━━━ SOURCE DATA
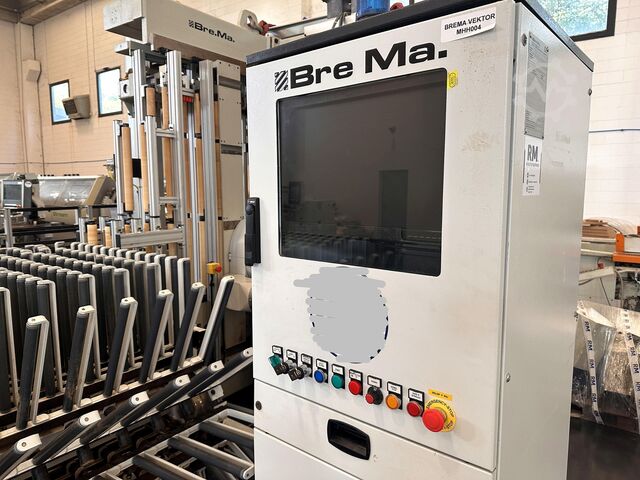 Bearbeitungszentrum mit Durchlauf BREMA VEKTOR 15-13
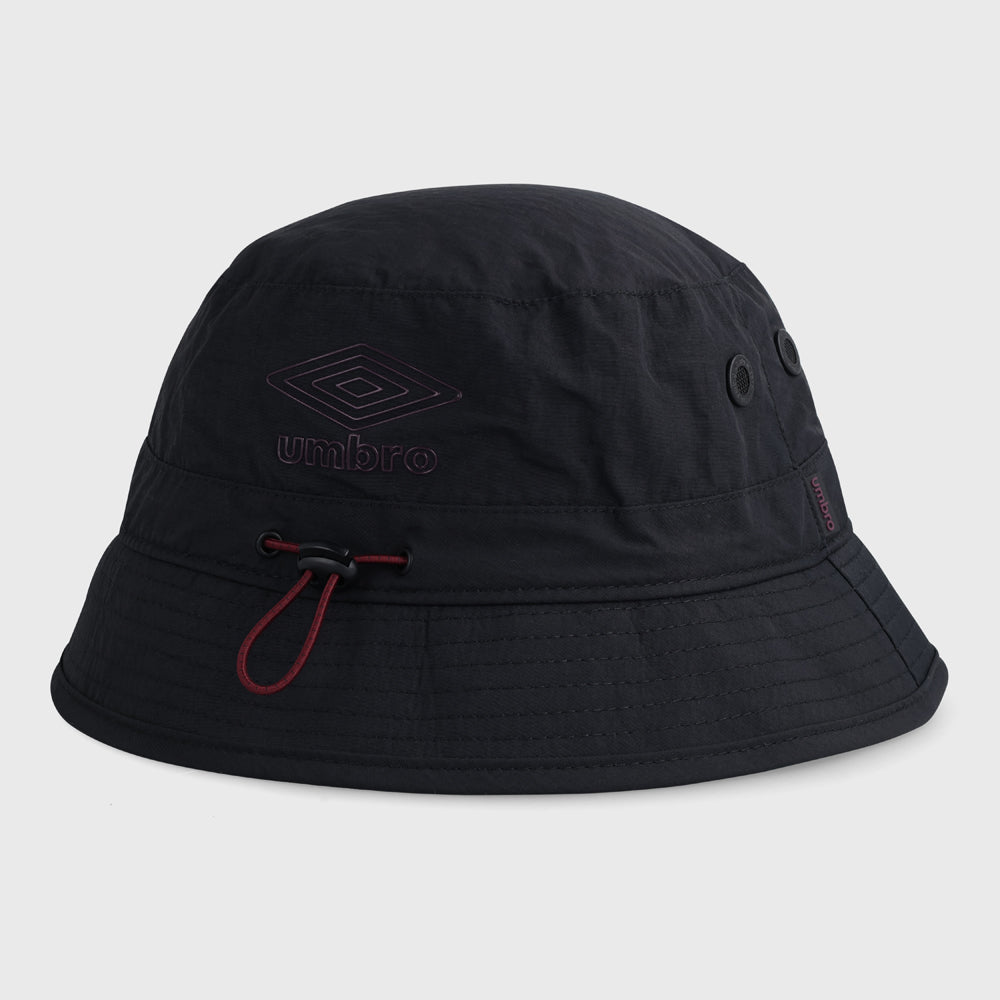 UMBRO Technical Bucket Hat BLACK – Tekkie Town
━━━━━━
━━━ SOURCE DATA
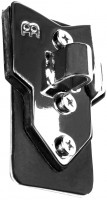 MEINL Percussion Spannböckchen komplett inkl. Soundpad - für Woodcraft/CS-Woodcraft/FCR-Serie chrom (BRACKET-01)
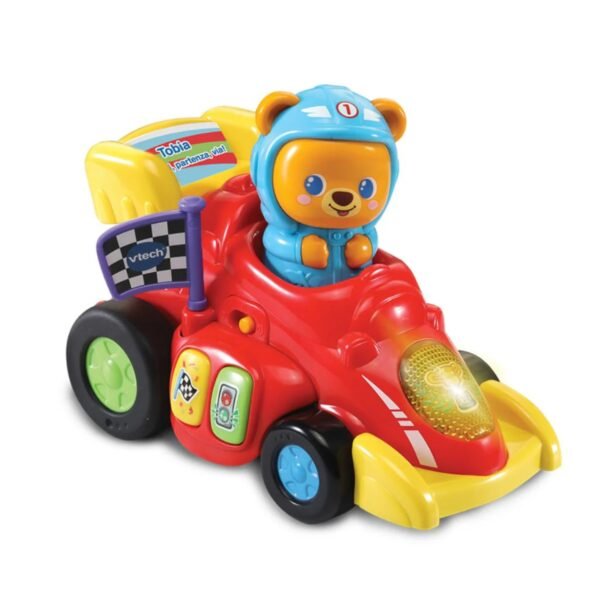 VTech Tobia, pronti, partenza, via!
━━━━━━
━━━ SOURCE DATA
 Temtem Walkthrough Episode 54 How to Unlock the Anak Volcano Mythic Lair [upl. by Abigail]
━━━━━━
# WHAT THE TASK ASKS:
Whatever pictures the records hold, omit them; give again exactly the lines from the one containing "Bearbeitungszentrum mit Durchlauf" through the one containing "UMBRO Technical Bucket".

# SOLUTION BELOW:
 Bearbeitungszentrum mit Durchlauf BREMA VEKTOR 15-13
 UMBRO Technical Bucket Hat BLACK – Tekkie Town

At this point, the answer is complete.